Simply put, to feed a coral, they require sugar and protein. The zooxanthellae through photosynthesis provide the sugar. For protein, corals need to capture prey and digest it.
SPS corals require much less protein than larger fleshy corals. SPS corals can get by with bacterioplankton which will occur naturally in your aquarium.
Photosynthetic corals with a larger fleshy mass require more protein than that and will benefit from extra feeding.
Non-photosynthetic corals require all their nutrients from capturing prey.
If you try to keep all those corals in the same aquarium, you will end up either underfeeding the larger fleshy corals or overfeeding the smaller SPS corals. Nutrient overload will give you algae problems and suffering corals.

I don't come across much in the way of debate anymore regarding coral feeding other than aquarists trying to fit a square peg into a round hole. They try to force corals to survive in environments that are unsuitable, trying to create a certain look but become discouraged when they run into inevitable excess nutrient problems.

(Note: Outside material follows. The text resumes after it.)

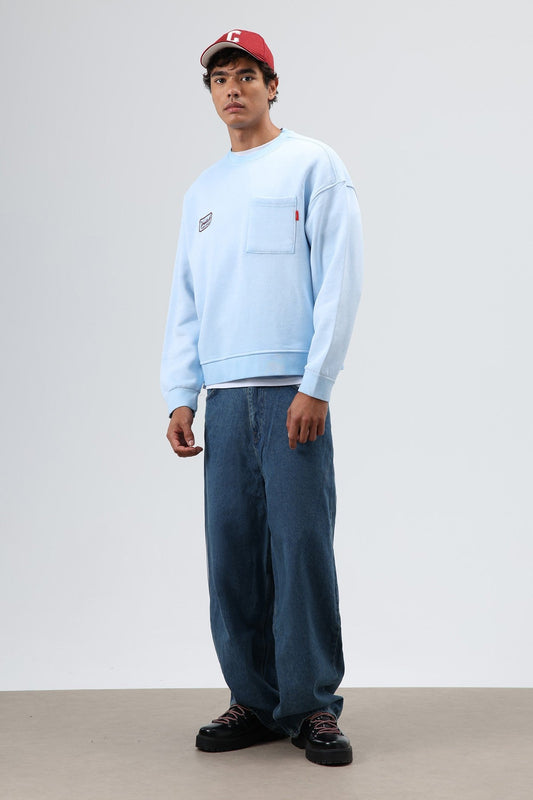 Oversized Bike Neck Sweatshirt with Pockets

In order to save you some grief down the road, I would suggest that you limit your coral selection to a certain type, learn about the proper care for them and keep those corals only.
There are quite a number of good studies out that will help you learn about coral feeding.
Good advice, thx.

When you say only keep one type do you mean only sps soft or hard,lps only or softies? Is that too much of a blanket statement or are their types of corals that just require the same care, ie all photosynthetic that require just proper lighting/flow/placement within a tank and let the water column take care of the rest. If this is the case then is their a list of these on one spot? Their are so many types of them out there & like you said, to save grief down the road. Thanks again for your input!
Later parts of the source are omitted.